The team observed a significant increase in the positron fraction at higher energies. This coincides with the PAMELA results, to within the errors on the Fermi measurements. The results of this analysis were presented at a conference in Rome last week by Fermi collaboration member Warit Mitthumsiri. Mitthumsiri’s colleague Stefan Funk of the SLAC National Accelerator Laboratory in California believes that the results constitute “a very nice confirmation” of the observations from three years ago, and maintains that the background noise has been properly accounted for. “There will be a small fraction of protons that will look like electrons,” he says, “but we are quite positive that we have subtracted that fraction correctly.”

PAMELA’s principal investigator, Piergiorgio Picozza of the University of Rome Tor Vergata, agrees. He says that, barring some unknown source of protons, the Fermi results “strongly support the positron excess at higher energy”, adding that the agreement is all the more compelling because the two data sets were derived using “different analysis, different detectors, and completely different experimental conditions”.
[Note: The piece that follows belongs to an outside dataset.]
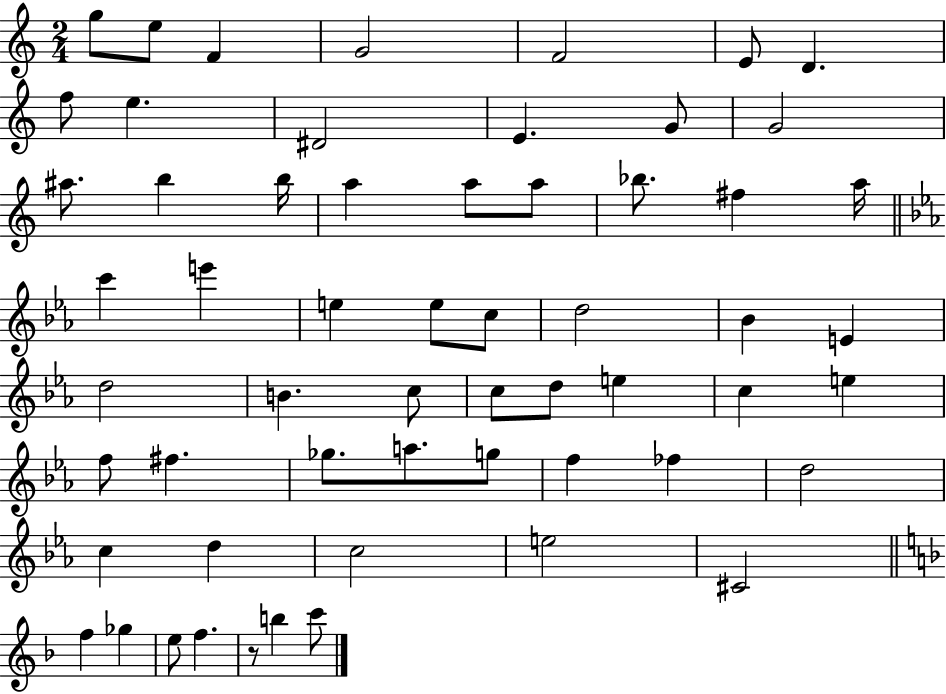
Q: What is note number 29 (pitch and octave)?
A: Bb4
We can confirm the PAMELA result but it is still puzzling where these additional positrons come from Stefan Funk, SLAC

However, even if the results themselves are now on a firmer footing, their interpretation is still open to debate. In principle, the positron excess could point to a misunderstanding in how protons interact with the interstellar medium, but Funk believes that it is unlikely. What is more likely, he says, is the existence of some other, primary, source of positrons, but that could be either annihilating dark-matter particles or some more mundane astrophysical process, such as acceleration by pulsars. “We can confirm the PAMELA result,” he explains, “”but it is still puzzling where these additional positrons come from.”

AMS or Planck could provide answers

John Wefel, an experimental astrophysicist at Louisiana State University in the US, believes that the Alpha Magnetic Spectrometer (AMS) could help to establish what is causing the excess. The AMS has just become operational on the International Space Station and Wefel points out that it has a more powerful magnet than PAMELA and will therefore be able to probe positron fluxes at higher energies. “What AMS ‘sees’ may be very important in deciding between different models,” he says.

Neal Weiner of New York University believes instead that NASA’s Planck mission might provide the answer; he argues that if the positron excess really is due to dark-matter annihilation, then that annihilation should alter the cosmic microwave background. “Some people will jump and say this is clearly dark matter, and some will dismiss this as messy astrophysics,” he says. “But I think both reactions miss the point. This is science after all, so no-one’s gut feeling is really the question – we simply need more data, and we shall have more data.”